Data records:
┄┄┄┄┄┄
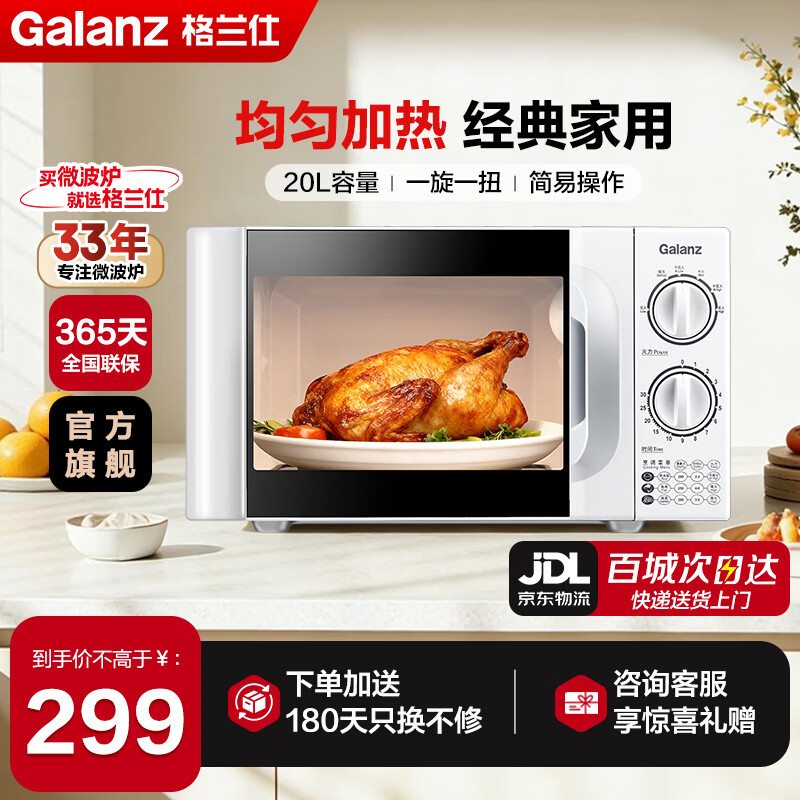 �����ˣ�Galanz��΢��¯���� С������ ��ݻ�е��ť ��׼���� �������� 20������ ΢��¯D4 198.55Ԫ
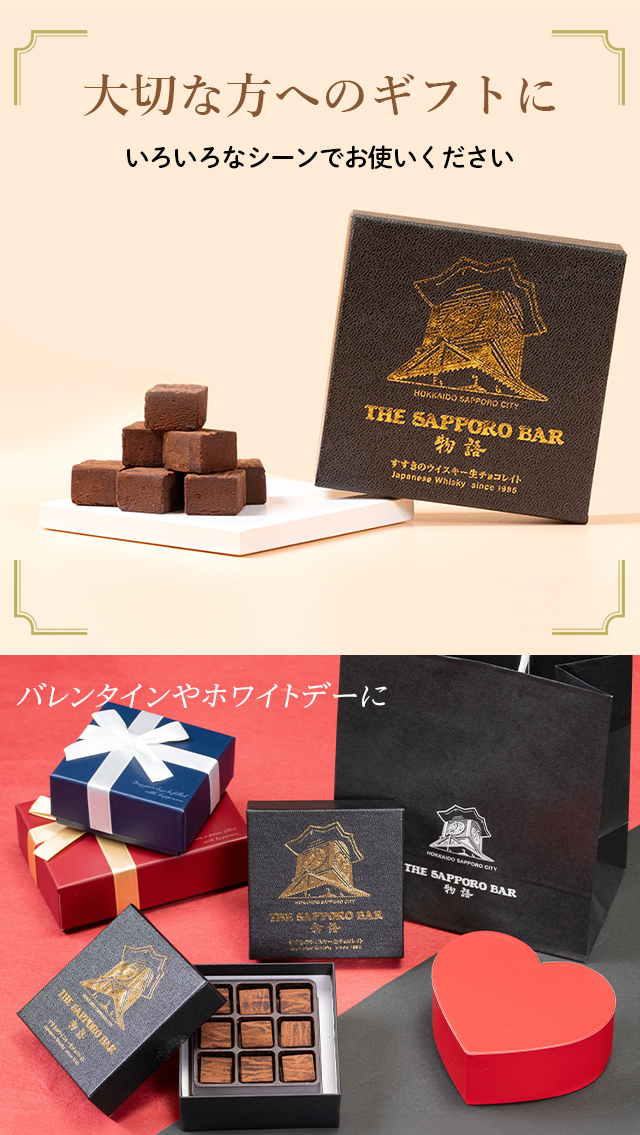 大切な方へのギフトに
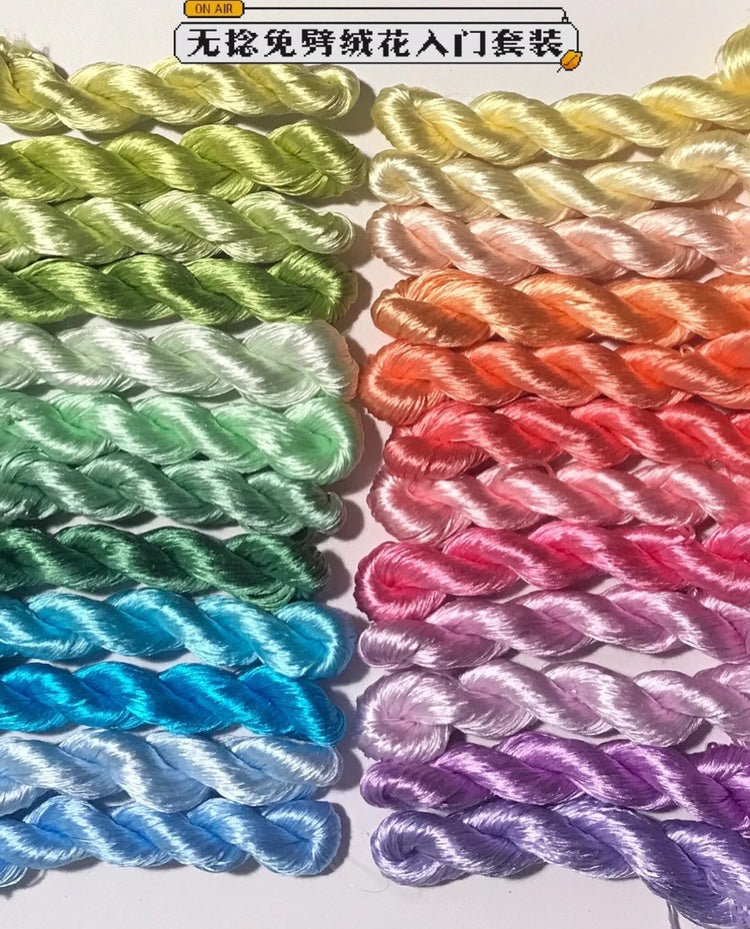 80m Suzhou Embroidery Untwisted Mulberry Silk Thread(#梦里春颜 80m*24) - Ronghua Threads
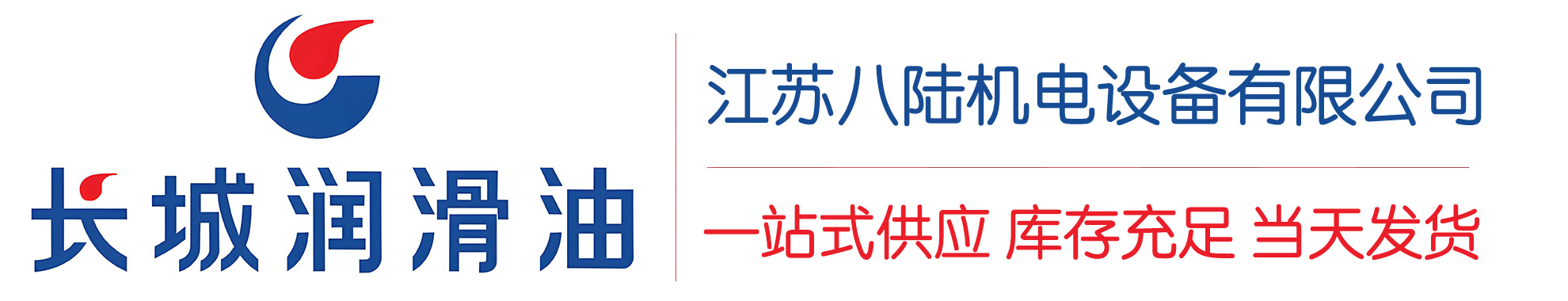 托里长城润滑油总代理商,托里长城润滑油授权经销商,托里长城液压油代理商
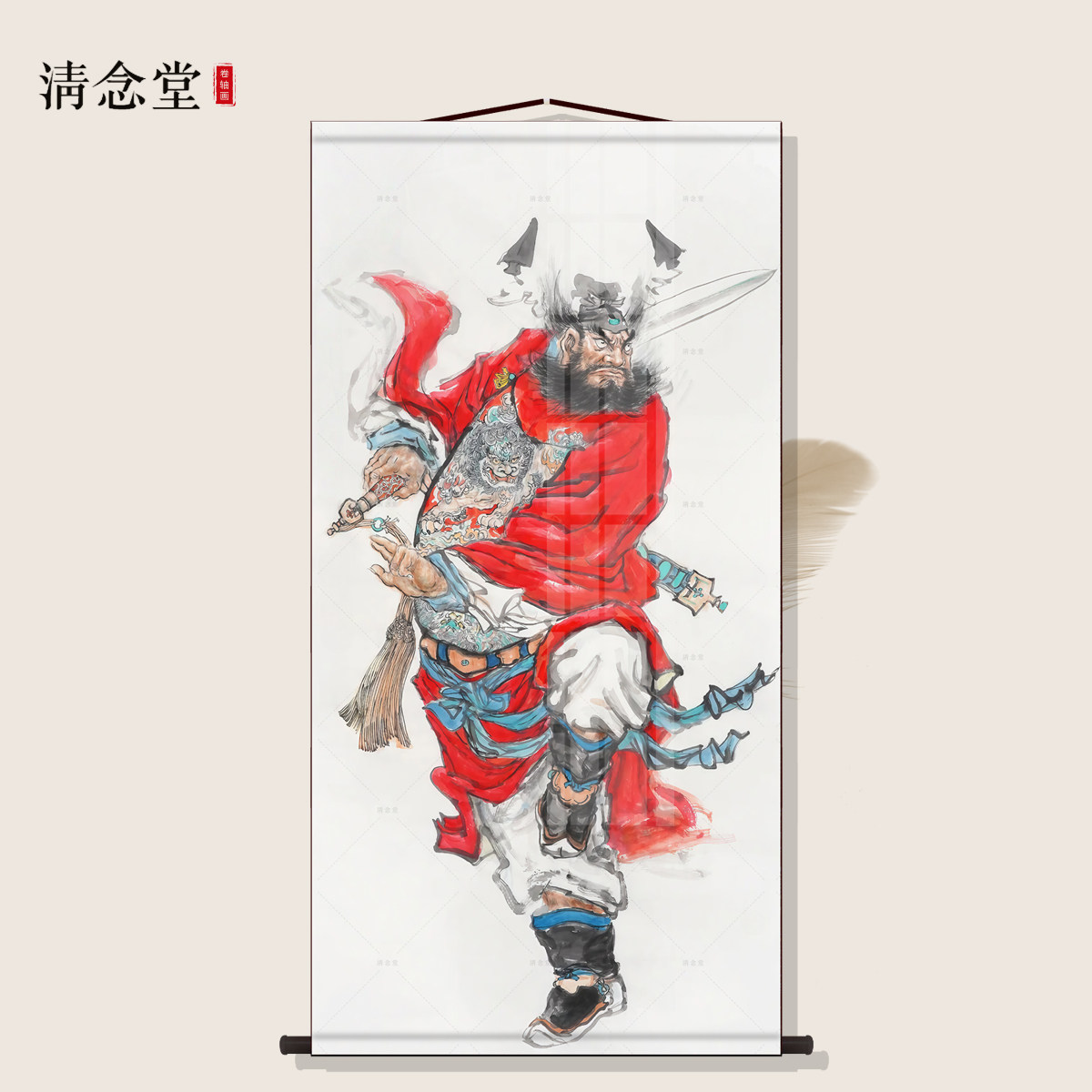 钟馗伏魔中堂画-钟馗伏魔中堂画促销价格、钟馗伏魔中堂画品牌- 淘宝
┄┄┄┄┄┄
• _Work task_
A faithful copy of all the entries is required, pictures excluded.

• _Solution for this problem_
 �����ˣ�Galanz��΢��¯���� С������ ��ݻ�е��ť ��׼���� �������� 20������ ΢��¯D4 198.55Ԫ
 大切な方へのギフトに
 80m Suzhou Embroidery Untwisted Mulberry Silk Thread(#梦里春颜 80m*24) - Ronghua Threads
 托里长城润滑油总代理商,托里长城润滑油授权经销商,托里长城液压油代理商
 钟馗伏魔中堂画-钟馗伏魔中堂画促销价格、钟馗伏魔中堂画品牌- 淘宝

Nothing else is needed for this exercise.